The Clark County coroner classifies children as 17 and under and includes drownings from the Lake Mead and Lake Mohave reservoirs on the Colorado River. It recorded 12 drowning deaths in 2015, four in 2014, five in 2013, nine in 2012 and eight in 2011.
Separate statistics kept by the Southern Nevada Health District, focusing on children 14 and under, suggest that awareness and prevention efforts begun in 1999 involving public health and building officials, police and firefighters have had an effect.
The average was 10 drownings a year from 1994 to 1999, according to health district tabulations of drowning fatalities and non-fatal cases. The latter are classified as “submersion incidents.”
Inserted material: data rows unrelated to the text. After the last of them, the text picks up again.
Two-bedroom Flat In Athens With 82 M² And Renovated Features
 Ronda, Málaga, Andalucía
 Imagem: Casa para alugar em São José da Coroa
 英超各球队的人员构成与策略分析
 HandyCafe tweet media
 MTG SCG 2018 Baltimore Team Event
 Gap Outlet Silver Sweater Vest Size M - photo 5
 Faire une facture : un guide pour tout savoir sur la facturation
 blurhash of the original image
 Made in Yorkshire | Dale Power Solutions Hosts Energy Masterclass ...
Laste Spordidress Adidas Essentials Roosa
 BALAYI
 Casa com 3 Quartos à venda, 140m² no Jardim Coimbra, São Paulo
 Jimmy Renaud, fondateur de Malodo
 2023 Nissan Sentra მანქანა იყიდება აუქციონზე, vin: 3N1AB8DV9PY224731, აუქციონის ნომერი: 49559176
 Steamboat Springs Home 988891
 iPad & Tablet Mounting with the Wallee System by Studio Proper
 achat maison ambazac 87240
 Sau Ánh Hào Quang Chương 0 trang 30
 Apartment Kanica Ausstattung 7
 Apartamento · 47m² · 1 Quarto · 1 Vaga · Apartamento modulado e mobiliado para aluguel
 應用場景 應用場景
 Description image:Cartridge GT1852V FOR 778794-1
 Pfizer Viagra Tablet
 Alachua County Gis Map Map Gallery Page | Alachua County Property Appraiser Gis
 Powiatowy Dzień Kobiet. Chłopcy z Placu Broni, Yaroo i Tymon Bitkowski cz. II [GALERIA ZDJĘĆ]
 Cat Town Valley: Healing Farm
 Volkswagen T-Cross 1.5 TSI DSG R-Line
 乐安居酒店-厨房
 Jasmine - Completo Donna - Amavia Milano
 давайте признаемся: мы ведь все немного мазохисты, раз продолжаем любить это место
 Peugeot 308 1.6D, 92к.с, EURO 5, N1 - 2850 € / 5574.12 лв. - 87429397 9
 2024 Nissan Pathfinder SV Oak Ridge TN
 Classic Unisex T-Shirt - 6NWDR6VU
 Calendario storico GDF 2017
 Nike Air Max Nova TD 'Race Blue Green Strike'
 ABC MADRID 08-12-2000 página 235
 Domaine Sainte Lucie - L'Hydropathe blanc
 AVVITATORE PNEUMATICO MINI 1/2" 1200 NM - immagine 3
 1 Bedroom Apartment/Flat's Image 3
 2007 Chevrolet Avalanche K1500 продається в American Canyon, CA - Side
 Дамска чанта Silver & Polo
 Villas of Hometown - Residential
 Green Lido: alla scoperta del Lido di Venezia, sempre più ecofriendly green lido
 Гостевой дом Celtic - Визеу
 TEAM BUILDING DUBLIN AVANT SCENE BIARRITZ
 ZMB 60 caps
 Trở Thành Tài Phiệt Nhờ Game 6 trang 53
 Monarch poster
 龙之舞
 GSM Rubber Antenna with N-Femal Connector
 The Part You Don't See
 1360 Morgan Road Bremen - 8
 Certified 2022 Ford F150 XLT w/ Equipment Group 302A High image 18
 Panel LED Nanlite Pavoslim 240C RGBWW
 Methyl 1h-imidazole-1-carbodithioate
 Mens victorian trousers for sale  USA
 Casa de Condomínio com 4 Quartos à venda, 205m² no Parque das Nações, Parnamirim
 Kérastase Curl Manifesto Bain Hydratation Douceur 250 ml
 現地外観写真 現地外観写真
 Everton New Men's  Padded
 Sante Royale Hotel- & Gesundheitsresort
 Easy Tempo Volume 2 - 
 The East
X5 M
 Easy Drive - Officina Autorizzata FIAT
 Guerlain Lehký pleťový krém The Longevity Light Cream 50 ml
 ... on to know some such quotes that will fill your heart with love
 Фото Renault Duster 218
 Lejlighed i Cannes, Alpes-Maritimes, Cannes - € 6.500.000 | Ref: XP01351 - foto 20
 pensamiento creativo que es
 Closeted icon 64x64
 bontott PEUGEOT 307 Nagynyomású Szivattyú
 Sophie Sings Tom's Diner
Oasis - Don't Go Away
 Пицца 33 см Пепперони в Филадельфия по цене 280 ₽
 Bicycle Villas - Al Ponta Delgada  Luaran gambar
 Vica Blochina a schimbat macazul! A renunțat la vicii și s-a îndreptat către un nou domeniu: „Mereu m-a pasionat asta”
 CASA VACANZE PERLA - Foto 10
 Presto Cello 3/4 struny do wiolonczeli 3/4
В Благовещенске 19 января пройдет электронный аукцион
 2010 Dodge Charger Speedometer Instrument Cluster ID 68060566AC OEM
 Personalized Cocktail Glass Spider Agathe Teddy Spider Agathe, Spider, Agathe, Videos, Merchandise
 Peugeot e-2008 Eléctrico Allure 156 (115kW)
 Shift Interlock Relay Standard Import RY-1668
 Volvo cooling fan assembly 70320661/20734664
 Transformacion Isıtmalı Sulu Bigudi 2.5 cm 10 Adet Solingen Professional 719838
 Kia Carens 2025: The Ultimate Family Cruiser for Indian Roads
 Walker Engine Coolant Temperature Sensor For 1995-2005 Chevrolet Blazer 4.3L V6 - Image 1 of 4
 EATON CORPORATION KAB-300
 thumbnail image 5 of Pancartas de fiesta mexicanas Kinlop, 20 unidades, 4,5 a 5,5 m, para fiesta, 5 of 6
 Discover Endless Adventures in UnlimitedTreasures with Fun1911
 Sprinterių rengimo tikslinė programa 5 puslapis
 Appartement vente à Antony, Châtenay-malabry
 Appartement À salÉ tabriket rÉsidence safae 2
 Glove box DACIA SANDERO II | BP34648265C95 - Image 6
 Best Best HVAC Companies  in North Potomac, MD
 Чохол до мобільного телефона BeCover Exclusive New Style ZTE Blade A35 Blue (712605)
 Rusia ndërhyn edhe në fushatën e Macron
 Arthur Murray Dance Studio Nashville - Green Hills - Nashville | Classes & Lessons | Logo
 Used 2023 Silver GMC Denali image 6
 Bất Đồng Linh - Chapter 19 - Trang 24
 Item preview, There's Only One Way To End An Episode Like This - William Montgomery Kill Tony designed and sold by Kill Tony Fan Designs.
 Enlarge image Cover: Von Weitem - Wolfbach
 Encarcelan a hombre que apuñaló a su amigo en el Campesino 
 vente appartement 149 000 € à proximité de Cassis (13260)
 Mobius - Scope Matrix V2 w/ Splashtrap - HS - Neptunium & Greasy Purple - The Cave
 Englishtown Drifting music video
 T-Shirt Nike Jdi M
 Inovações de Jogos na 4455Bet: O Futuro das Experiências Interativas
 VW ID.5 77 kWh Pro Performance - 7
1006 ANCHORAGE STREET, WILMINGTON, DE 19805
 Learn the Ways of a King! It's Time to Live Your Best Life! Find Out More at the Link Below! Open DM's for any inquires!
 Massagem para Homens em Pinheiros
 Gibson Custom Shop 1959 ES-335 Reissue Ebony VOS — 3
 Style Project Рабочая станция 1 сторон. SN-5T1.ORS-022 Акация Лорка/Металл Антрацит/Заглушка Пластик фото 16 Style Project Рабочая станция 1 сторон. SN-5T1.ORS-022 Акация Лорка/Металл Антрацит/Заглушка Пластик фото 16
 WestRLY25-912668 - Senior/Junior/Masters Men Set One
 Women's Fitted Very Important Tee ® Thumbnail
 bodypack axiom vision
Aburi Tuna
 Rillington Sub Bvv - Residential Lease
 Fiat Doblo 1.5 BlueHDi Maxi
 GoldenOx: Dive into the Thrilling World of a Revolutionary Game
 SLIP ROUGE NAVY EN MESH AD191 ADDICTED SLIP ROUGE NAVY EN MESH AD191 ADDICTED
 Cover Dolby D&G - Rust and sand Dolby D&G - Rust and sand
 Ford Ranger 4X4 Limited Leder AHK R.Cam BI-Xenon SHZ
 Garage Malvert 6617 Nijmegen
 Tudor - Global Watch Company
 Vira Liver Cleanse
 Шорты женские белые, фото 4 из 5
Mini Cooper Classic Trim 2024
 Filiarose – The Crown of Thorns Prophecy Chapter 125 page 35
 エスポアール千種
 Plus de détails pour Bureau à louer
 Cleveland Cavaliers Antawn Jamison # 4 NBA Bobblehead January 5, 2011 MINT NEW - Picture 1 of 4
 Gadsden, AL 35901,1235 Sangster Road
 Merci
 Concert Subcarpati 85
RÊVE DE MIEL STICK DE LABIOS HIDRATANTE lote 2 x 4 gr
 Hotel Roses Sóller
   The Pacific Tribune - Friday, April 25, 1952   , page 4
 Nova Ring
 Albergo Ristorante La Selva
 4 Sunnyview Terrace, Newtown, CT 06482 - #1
The figure dropped by one-third from 2000-2005, ticked up in 2007-2009, and dropped to just two child drownings in 2014. There have been seven so far this year.
“We’ve developed a pretty broad base of people who all preach the same message,” said Mike Bernstein, health district injury prevention coordinator. “We have made a dent in it.”
Las Vegas and surrounding Clark County are now home to about 2 million people, and a destination for some 40 million tourists annually. Bernstein said the region has more than 105,000 backyard swimming pools.
Over the past 21 years, most deaths involved children 4 and younger, he said. Most drownings happen during warmer months from May to September.
When data in 2011-2012 showed an increase in drownings and near-drownings involving Hispanic children, the coalition distributed messages in Spanish emphasizing what it calls the ABC&Ds of drowning prevention.
Like the national Pool Safely program, the local child drowning coalition effort advocates adult supervision, barriers for pools, classes teaching swimming lessons and devices for flotation and rescue.
“Last year was statistically the best we’ve ever had,” Bernstein said. “This year, there’s been an uptick. We don’t know if people are ignoring the message, if it’s a trend, or if it’s just a bad year.”